In mature markets, FMCG stocks are perennials, since these businesses have stable demand even in recessions. In India, FMCG is actually a growth area and likely to remain so. This is partly due to rising incomes creating larger markets and partly due to better infrastructure allowing greater geographical reach.
FMCG also tends to deliver high return on capital and, by and large, balance sheets tend to be low-debt. In addition, they pay dividends in predictable fashion.
A comparison with the Nifty shows how strong FMCG performance has been across the long term. Over the last five-year and 10-year periods, the 15-stock FMCG index has returned respective CAGR of 28 per cent and 21 per cent. In comparison, the Nifty has a five-year CAGR of 17 per cent and a 10-year CAGR of 14 per cent.
The average FMCG dividend yield over 10 years is 1.6 per cent. The average Nifty dividend yield is 1.4 per cent – not so much difference but it shows up in compounding.
The FMCG index receives price to equity (P/E) discounts in the range of 32-plus ( the average over three years). The lowest FMCG index valuation has been around PE 27, while the highest have been above 42PE. The current PE of the FMCG index is 35.5. The Nifty has run through a minimum-maximum valuation range of PE 14-25 in the same three-year period, with an average PE of 18.5. The current PE of the Nifty is 19. The difference is stark — the lowest PE valuations for FMCG are higher than the highest valuations of the Nifty.
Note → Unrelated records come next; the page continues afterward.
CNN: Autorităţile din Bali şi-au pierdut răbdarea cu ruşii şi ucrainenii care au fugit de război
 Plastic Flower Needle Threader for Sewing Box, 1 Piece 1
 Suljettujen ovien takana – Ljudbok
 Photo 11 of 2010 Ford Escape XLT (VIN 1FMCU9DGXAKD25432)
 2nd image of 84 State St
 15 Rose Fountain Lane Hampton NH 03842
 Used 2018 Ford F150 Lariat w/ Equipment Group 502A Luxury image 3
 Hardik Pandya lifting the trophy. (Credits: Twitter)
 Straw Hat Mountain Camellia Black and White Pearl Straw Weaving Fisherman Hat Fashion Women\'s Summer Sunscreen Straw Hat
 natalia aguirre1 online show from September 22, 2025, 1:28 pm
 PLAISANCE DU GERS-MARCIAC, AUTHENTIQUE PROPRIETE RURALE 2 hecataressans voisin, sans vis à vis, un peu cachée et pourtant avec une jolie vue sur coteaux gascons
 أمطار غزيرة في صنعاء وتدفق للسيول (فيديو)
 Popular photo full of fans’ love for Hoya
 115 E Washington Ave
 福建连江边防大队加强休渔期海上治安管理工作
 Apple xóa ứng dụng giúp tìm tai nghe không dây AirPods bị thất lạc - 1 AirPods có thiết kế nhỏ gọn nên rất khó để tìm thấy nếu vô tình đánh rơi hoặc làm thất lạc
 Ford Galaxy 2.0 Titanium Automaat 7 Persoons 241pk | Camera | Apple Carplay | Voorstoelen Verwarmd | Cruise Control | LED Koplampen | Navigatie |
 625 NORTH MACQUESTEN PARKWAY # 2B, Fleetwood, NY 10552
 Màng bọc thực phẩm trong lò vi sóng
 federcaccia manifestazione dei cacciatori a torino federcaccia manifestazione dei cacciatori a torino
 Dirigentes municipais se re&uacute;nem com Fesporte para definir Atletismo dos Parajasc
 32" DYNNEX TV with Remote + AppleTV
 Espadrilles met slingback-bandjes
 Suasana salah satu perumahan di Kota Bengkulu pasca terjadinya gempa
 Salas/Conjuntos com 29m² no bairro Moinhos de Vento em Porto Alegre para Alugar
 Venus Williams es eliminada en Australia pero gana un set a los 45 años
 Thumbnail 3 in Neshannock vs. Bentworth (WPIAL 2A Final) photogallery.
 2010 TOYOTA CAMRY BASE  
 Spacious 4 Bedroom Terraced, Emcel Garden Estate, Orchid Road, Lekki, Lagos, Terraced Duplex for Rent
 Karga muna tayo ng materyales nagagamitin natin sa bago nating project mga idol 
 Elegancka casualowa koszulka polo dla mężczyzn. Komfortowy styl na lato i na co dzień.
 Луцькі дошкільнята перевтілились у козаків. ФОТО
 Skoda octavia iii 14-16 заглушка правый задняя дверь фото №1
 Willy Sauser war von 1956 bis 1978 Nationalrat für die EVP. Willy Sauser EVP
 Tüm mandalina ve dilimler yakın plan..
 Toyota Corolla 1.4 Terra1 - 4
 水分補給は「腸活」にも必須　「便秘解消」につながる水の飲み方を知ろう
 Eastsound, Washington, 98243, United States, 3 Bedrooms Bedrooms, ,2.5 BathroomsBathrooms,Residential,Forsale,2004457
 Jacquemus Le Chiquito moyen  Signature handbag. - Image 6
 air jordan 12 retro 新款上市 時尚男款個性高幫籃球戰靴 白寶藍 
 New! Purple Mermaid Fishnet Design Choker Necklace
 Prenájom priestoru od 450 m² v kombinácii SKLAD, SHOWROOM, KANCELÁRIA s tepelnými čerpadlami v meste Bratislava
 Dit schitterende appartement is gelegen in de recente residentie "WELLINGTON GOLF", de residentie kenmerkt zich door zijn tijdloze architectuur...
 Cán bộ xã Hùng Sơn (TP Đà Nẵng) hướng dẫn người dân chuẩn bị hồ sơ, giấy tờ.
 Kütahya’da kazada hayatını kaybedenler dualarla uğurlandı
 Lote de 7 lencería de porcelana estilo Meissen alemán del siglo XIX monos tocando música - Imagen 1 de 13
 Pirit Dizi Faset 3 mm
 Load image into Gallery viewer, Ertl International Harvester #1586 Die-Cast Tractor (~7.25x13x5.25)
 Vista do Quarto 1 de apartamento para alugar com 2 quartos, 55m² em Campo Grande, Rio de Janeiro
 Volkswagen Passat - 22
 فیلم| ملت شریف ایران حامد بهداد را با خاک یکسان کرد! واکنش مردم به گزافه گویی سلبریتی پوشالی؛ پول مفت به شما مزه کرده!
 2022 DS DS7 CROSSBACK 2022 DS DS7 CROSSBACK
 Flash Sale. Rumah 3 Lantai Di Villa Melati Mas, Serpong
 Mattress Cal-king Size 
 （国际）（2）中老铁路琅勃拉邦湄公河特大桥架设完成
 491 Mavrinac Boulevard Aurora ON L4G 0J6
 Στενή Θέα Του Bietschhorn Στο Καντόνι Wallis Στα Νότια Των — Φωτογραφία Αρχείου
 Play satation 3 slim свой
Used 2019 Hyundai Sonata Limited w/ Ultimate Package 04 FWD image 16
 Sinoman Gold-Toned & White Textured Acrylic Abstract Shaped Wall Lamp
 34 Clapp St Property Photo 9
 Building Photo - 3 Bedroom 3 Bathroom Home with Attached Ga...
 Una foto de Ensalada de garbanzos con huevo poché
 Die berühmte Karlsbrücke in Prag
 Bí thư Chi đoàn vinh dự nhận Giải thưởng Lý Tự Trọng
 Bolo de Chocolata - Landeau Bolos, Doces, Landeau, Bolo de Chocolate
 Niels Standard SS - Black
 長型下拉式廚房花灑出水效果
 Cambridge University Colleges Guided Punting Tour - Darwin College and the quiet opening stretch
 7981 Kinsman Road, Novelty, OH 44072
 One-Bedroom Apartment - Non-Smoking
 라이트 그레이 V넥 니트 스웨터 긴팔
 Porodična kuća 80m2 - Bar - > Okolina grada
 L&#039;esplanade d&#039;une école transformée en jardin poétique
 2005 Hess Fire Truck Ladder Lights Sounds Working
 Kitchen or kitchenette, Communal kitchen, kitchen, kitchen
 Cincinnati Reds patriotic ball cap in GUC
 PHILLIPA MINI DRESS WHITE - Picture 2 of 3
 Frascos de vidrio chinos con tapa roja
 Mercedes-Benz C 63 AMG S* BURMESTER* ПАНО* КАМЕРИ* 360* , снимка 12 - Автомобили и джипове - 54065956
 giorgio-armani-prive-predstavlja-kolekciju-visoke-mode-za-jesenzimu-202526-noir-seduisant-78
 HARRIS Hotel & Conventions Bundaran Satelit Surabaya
The current rally could see the rest of the market catching up to some extent in terms of valuations. If FMCG is pushed down further, it would start looking like a very attractive buy again. Or, if the bull run stutters or fails, a lot of money is liable to flow out and enter FMCG again, as its defensive nature would be highlighted. Either way, the sector could perform as a counter-cyclical for the next several months.